------ RECORDS TO PROCESS

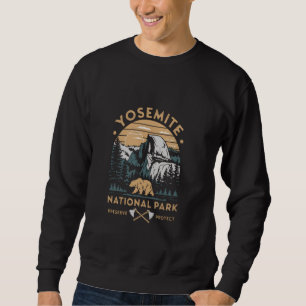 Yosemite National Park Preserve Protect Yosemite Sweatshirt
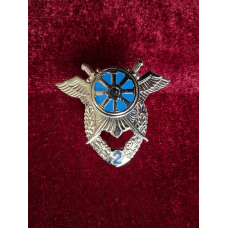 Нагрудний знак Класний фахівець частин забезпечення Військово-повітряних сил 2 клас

------------
------ RECORDS TO PROCESS

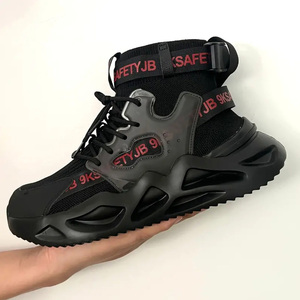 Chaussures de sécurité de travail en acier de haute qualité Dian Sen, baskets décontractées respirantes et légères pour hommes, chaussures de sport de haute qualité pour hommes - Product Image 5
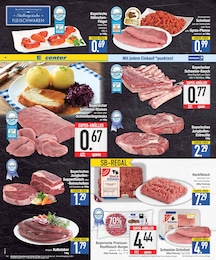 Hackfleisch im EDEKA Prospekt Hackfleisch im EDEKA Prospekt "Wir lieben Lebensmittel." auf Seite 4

------------

**WHAT YOU ARE ASKED TO DO**
What is needed is an exact copy of only the lines above from the one with "Chaussures de sécurité" to the one with "Hackfleisch im EDEKA Prospekt Hackfleisch", both kept, with every picture left out.

**EXERCISE RESULT**
 Chaussures de sécurité de travail en acier de haute qualité Dian Sen, baskets décontractées respirantes et légères pour hommes, chaussures de sport de haute qualité pour hommes - Product Image 5
 Hackfleisch im EDEKA Prospekt Hackfleisch im EDEKA Prospekt "Wir lieben Lebensmittel." auf Seite 4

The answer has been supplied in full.